The only other aspect, along the spatial planning policy, which can supposedly have government level engagement in, is licensing. The Chamber of Architects of Armenia was established for the purpose of license decentralization and shall be self-regulating project licensing. Still back during Tigran Sargsyan’s term, within cooperation with OSCE Centre for Legislative Regulation (better known as Regulatory Guillotine) we suggested to get rid of all licenses available in the sector and tighten only the expertise circle by turning it to a state function.

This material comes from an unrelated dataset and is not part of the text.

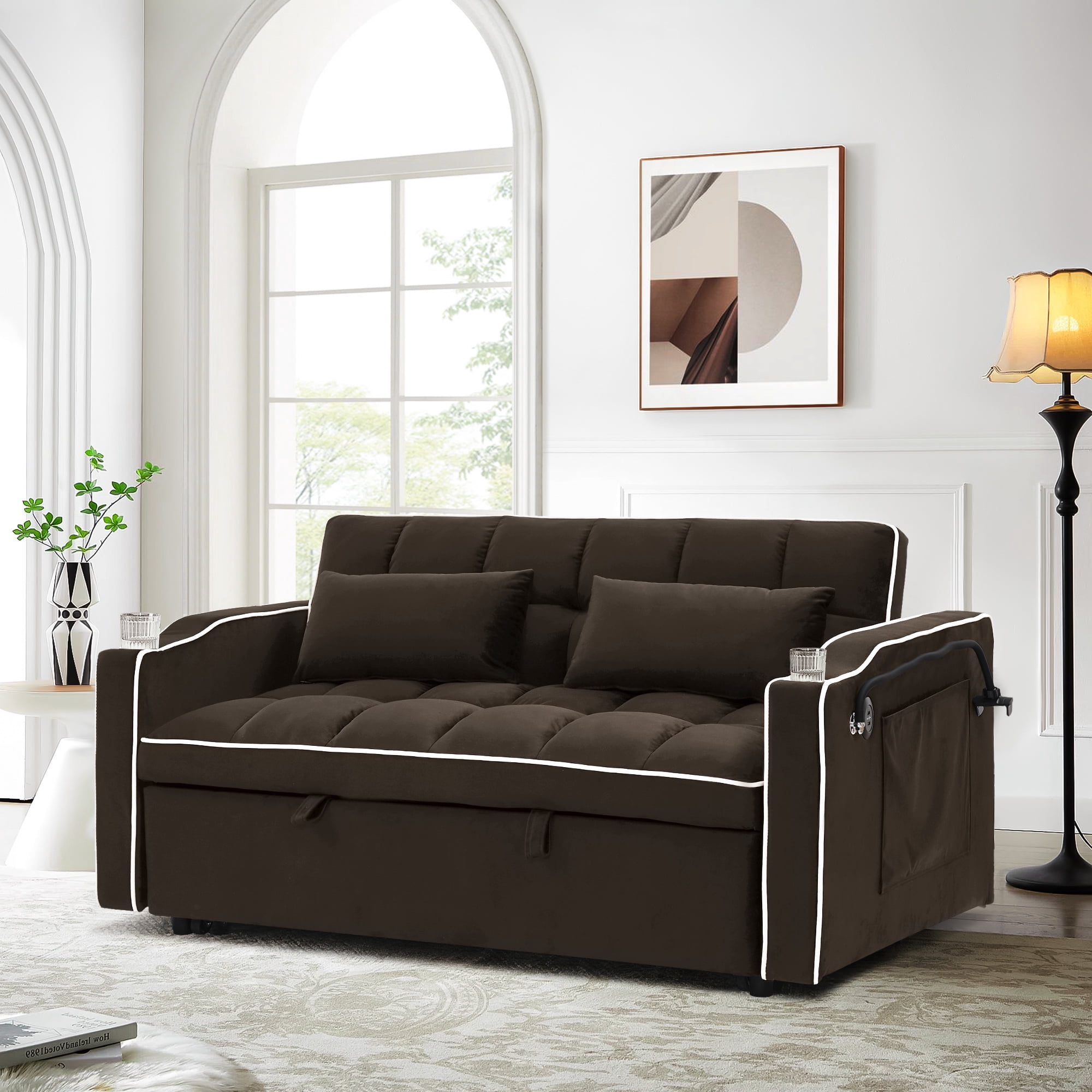 Dinosisco 4-in-1 Convertible Loveseat Sleeper, 55" Futon Sofa Bed with Phone Stand, USB, Brown Velvet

Thus, we can conclude that the functions of a Committee comprising more than one hundred employees, can be coordinated by an adjunct sector Deputy Minister or an entire department. To this end, as previously stated, the Ministry of Territorial Administration is the most appropriate ministry for this case, although I have been recently tending for the Ministry of Transport or Ministry of Economy. The last option can particularly make a positive impact on tourism development, since the main development issues of tourism sector, which has been declared as priority area, are currently within planning sector and require serious professional and multidisciplinary approaches. The most important thing here is not to make it part of the Ministry of Culture, Emergency Situations or Ecology, since the latter have contradictory function in the field of urban development.
By reducing the government’s current functions in planning sector, I think that the next most important issues of the sector shall be the creation of Integrated Cadastre, which, based on today’s legislation, is called Urban Cadastre.
This new, Integrated Cadastre can be created based on Real Estate Cadastre database, by incorporating all cadastres needed for a state in a single database, which can be one of the main tools for spatial planning.
Forest, land, monument and other registered cadasters should be curated by one single body, by combining all informative spatial databases, this way enabling the government to make appropriate and accurate decisions.
Today, given the absence of such single database, the directions of infrastructures in various communities, among them central parts of Yerevan, and especially underground infrastructures, are determined based on folklore methods. This is one of the major obstacles of Armenia’s economy, and being the only independent expert of World Bank’s Doing Business Report on construction sector, I have been pointing out to this issue for years now. This is the reason why Armenia has a quite bad position in terms of construction permits.
Naturally, serious legislative and sub-legislative work still needs to be done for switching the sector development on the right track. In particular, we should exercise a zoning plan as main legal document of urban development, as a result of which there will be no need for absurd planning permissions (Architectural and Designing Requirement Specification), we should reevaluate the institute of public discussions as cornerstone tool for ensuring transparency․
We should also rethink the purposefulness of overriding public interest and many other reforms, for which the future Deputy Minister of the sector shall have lots of actions to complete.
Of course, this will not solve all the sector gaps, yet it is only through the decentralization and liberalization of public administration that one can solve the issues of urban ignorance or more accurately the issues of monopolized and corrupt sector.
The democratization of urban governance has an immense potential for the development of economy and for the formation of “quality” environment, in other words – it has to ensure public happiness.